Your codebase is full of implicit connections that aren't explicit. The ADR explaining your auth strategy relates to the login handler, which relates to the session middleware but nothing links them. Docs drift from implementation. Knowledge lives in silos.

There are some tools that solves this problem. Especially, credit where it's due - the core idea of gundog is based on the much more mature [SeaGOAT](https://github.com/kantord/SeaGOAT) project. But my particular needs were ever so slightly different.

I wanted a clean map of data chunks from wide spread data sources and their correlation based on a natural language query. `SeaGOAT` provides rather a flat but more accurate pointer to a specific data chunk from a single git repository. Basically, I wanted a [Obsidian graph view](https://help.obsidian.md/plugins/graph) of my docs controlled based on a natural language query without having to go through the pain of using.. well.. Obsidian. And wrapping `SeaGOAT` with some scripts was limiting and also hard to distribute.

Gundog builds these connections automatically. Vector search finds semantically related content, BM25 catches exact keyword matches, and graph expansion surfaces files you didn't know to look for.

## Install

```bash
pip install gundog
```

Optional extras:

```bash
pip install gundog[viz]    # for query graph visualization
pip install gundog[lance]  # for larger codebases (10k+ files)
pip install gundog[serve]  # for web UI server
```

### Or from source

```bash
git clone https://github.com/adhityaravi/gundog.git
cd gundog
uv sync
uv run gundog --help
```

## Quick Start

**1. Create a config file** (default: `.gundog/config.yaml`):

```yaml
sources:
  - path: ./docs
    glob: "**/*.md"
  - path: ./src
    glob: "**/*.py"

storage:
  backend: numpy
  path: .gundog/index
```

**2. Index your stuff:**

```bash
gundog index
```

First run downloads the embedding model (~130MB for the default). You can use any [sentence-transformers model](https://sbert.net/docs/sentence_transformer/pretrained_models.html). Subsequent runs are incremental—only re-indexes changed files.

**3. Search:**

```bash
gundog query "database connection pooling"
```

Returns ranked results with file paths and relevance scores.

## Commands

You can use gundog with a config file OR with CLI flags directly. but config files are recommended:

```bash
# With config file (default: .gundog/config.yaml)
gundog index
gundog index -c /path/to/config.yaml

# Without config file
gundog index --source ./docs:*.md --source ./src:*.py
gundog query "auth" --index .gundog/index
```

### `gundog index`

Scans your configured sources, embeds the content, and builds a searchable index.

```bash
gundog index                                      # uses config file
gundog index --rebuild                            # fresh index from scratch
gundog index -s ./docs:*.md -s ./src:*.py         # no config needed
gundog index -s ./docs -i ./my-index              # custom index location
gundog index -s ./src:*.py -e '**/test_*'         # exclude test files
```

Source format: `path`, `path:glob`, or `path:type:glob`

Exclude patterns use fnmatch syntax (e.g., `**/test_*`, `**/__pycache__/*`).

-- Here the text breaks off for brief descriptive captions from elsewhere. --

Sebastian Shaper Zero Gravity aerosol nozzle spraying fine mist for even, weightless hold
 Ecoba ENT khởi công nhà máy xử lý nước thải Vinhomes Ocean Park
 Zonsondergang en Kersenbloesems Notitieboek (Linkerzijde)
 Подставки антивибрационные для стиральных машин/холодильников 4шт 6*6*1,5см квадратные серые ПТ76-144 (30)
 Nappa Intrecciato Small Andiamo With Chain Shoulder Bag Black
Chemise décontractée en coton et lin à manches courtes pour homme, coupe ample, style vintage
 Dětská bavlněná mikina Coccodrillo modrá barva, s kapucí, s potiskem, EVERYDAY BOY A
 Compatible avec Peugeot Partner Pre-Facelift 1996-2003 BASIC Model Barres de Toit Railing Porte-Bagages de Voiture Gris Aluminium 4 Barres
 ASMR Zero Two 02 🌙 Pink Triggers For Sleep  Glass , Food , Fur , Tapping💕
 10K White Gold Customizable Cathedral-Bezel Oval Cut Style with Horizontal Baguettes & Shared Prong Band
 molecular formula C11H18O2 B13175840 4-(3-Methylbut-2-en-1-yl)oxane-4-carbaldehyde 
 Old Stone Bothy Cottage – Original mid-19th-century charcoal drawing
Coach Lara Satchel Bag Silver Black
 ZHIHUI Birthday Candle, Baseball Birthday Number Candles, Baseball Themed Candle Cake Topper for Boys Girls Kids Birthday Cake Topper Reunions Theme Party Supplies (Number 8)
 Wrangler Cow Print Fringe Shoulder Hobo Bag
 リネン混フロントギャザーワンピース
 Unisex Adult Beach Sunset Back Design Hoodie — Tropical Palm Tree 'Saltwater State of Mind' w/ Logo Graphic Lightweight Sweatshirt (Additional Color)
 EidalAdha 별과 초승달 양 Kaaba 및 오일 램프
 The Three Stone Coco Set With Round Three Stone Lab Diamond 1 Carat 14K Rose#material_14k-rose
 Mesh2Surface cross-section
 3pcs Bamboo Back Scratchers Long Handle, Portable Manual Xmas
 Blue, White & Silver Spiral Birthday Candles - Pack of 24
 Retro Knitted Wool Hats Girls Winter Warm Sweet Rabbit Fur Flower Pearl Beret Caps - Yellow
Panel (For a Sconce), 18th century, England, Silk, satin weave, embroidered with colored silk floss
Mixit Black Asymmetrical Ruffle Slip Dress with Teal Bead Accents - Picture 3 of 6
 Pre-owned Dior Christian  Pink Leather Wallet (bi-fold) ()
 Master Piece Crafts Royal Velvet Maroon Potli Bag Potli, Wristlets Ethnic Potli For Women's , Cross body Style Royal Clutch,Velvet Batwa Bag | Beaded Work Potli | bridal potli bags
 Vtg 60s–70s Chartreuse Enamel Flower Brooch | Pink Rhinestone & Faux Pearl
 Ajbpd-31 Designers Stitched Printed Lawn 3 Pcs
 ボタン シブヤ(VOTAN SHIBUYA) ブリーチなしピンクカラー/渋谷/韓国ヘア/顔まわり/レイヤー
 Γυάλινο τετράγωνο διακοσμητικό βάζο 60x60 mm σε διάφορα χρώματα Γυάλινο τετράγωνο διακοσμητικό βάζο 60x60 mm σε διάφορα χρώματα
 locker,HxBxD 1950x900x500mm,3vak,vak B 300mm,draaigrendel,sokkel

**Exclusion templates** provide predefined patterns for common languages:

```bash
gundog index -s ./src:*.py --exclusion-template python  # ignores __pycache__, .venv, etc.
gundog index -s ./src:*.ts --exclusion-template typescript
```

Available templates: `python`, `javascript`, `typescript`, `go`, `rust`, `java`

### `gundog query`

Finds relevant files for a natural language query.

```bash
gundog query "error handling strategy"
gundog query "authentication" --top 5        # limit results
gundog query "caching" --no-expand           # skip graph expansion
gundog query "auth" --index .gundog/index    # specify index directly
gundog query "api design" --type docs        # filter by type (if sources have types)
gundog query "auth flow" --graph             # opens visual graph of results
```

### `gundog serve`

Starts a web UI for interactive queries with a visual graph.

```bash
gundog serve                              # starts at http://127.0.0.1:8000
gundog serve --port 3000                  # custom port
gundog serve --title "My Project"         # custom title
```

File links are auto-detected from git repos. Files in a git repo with a remote get clickable links to GitHub/GitLab. Non-git files show the path on hover.

Requires the serve extra: `pip install gundog[serve]`

## How It Works

1. **Embedding**: Files are converted to vectors using [sentence-transformers](https://www.sbert.net/). Similar concepts end up as nearby vectors.

2. **Hybrid Search**: Combines semantic (vector) search with keyword ([BM25](https://en.wikipedia.org/wiki/Okapi_BM25)) search using Reciprocal Rank Fusion. Queries like "UserAuthService" find exact matches even when embeddings might miss them.

3. **Storage**: Vectors stored locally via numpy+JSON (default) or [LanceDB](https://lancedb.com/) for scale. No external services.

4. **Graph**: Documents above a similarity threshold get connected, enabling traversal from direct matches to related files.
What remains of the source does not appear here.